After a show of brinksmanship between the House of Commons and House of Lords, the Pensions Bill was enacted on 19 November 2004. But what does this mean for companies with pension schemes?

To paraphrase the Prime Minister, companies can expect regulation, regulation, regulation – if they have a final salary scheme. Companies with money purchase schemes escape largely unscathed. Much of the Pensions Act will not be coming into force until April 2006, but employers need to be getting ready now.

The Government has replaced the minimum funding requirement (MFR) for final salary schemes. Since MFR was greeted with such scepticism by the pensions industry from the outset, and has comprehensively failed to provide members with meaningful security, the only question is why it took so long.

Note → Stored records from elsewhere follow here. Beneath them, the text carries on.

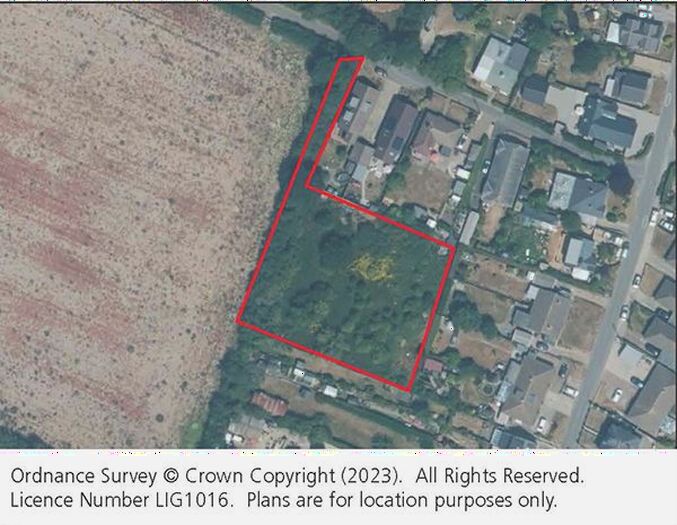 Land For Sale In Land Adj, Hurst Lodge, Hurst Lane, Capel-Le-Ferne, Folkestone, Kent, CT18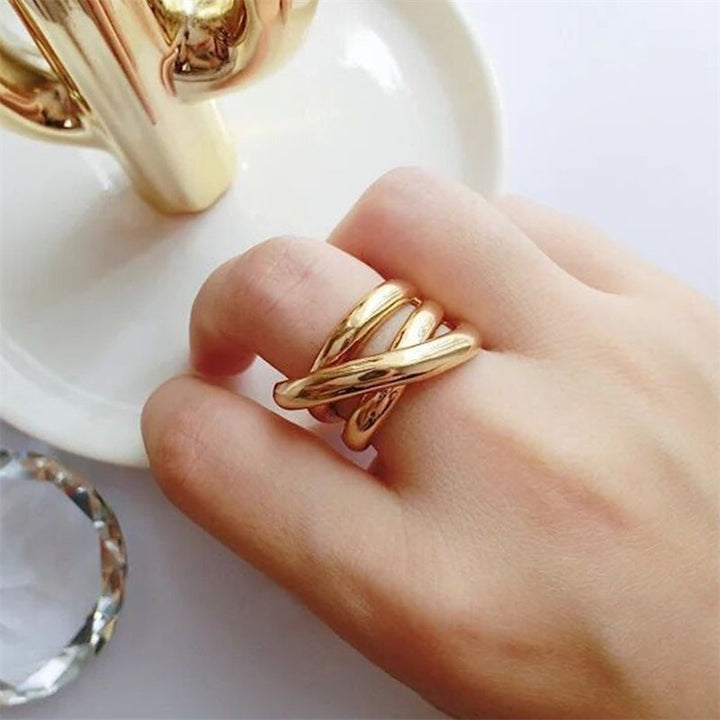 Elegant Disruption Ring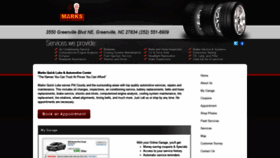 What Marksquicklube.com website looked like in 2020 (3 years ago)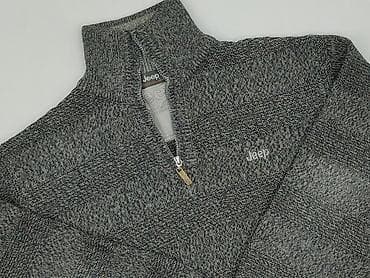 plaszczyk: Jeep, Sweter dla mężczyzn, rozmiar 2XL — 1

Instead, we now have the Statutory Funding Objective. This objective is to ‘have sufficient and appropriate assets to cover its technical provisions’, and employer contributions will need to be set accordingly. The pensions regulator is going to be given the power to fix contribution rates where there is no agreement between trustees and employers on this.

The biggest idea in the new Act is to strengthen sharply the protections for pension schemes on insolvency. These have been the subject of much controversy. From 6 April 2005, the Government is establishing a Pensions Protection Fund (PPF), under which all final salary schemes will be compelled to mutually insure each other.

Employers cannot walk away from final salary scheme liabilities. If they wind up the scheme, they must fund it to allow all benefits to be secured with annuities. And, if they haven’t got enough money, then the regulator can force shareholders and sister companies to pay this sum.

The Government claimed to have listened to the concerns of investors, but its changes were cosmetic. The only significant change was that directors who do not control the company will not after all be vulnerable to being made liable for the company debt. Shareholders, including shareholders of parent companies, remain firmly in the firing line. Company investors will be unimpressed, and those in charge of benefit design need to know that pension schemes cannot be lightly got rid of.

Some requirements apply to all schemes. Trustees are expected to be ‘conversant’ with scheme documentation and have knowledge and understanding of trust law and investment matters. Companies will need to ensure that pension scheme trustees are adequately trained. The regulator will be issuing further codes of conduct on this in due course. This is an important area to keep an eye on.

The Government has tinkered with the statutory restrictions on the power to amend pension schemes. This has long been a complete legal mess, given the uncertain meaning of “accrued rights”. You could not make up what followed. Instead of one impenetrable section of the 1995 Act, we now have 10 impenetrable sections of the 2004 Act – that is what Government means by simplification. Some of this is to reflect the new Information and Consultation Directive, but some of it is just the Government introducing complexity for its own sake. We shall probably see no amendments of pension schemes to speak of in the near future, which I suppose is one way of solving the problem.

The Pensions Act will also require buyers on a business transfer to make ‘relevant contributions’ on behalf of a member who has a pension scheme provided by the seller. The level of relevant contributions are to be set by regulation, but it is understood that employers will need to match employees’ contributions up to 6 per cent of salary (regardless of the pre-existing pension promise). However, the Government made no attempt to take account of the continuing uncertainty about the extent to which there may be wider obligations on buyers to mirror pension benefits arising out of recent European Court of Justice cases.

There is little that is entirely new in the Pensions Act 2004, but much that employers and HR managers will need to think about. It needs to be factored into pensions thinking, starting now.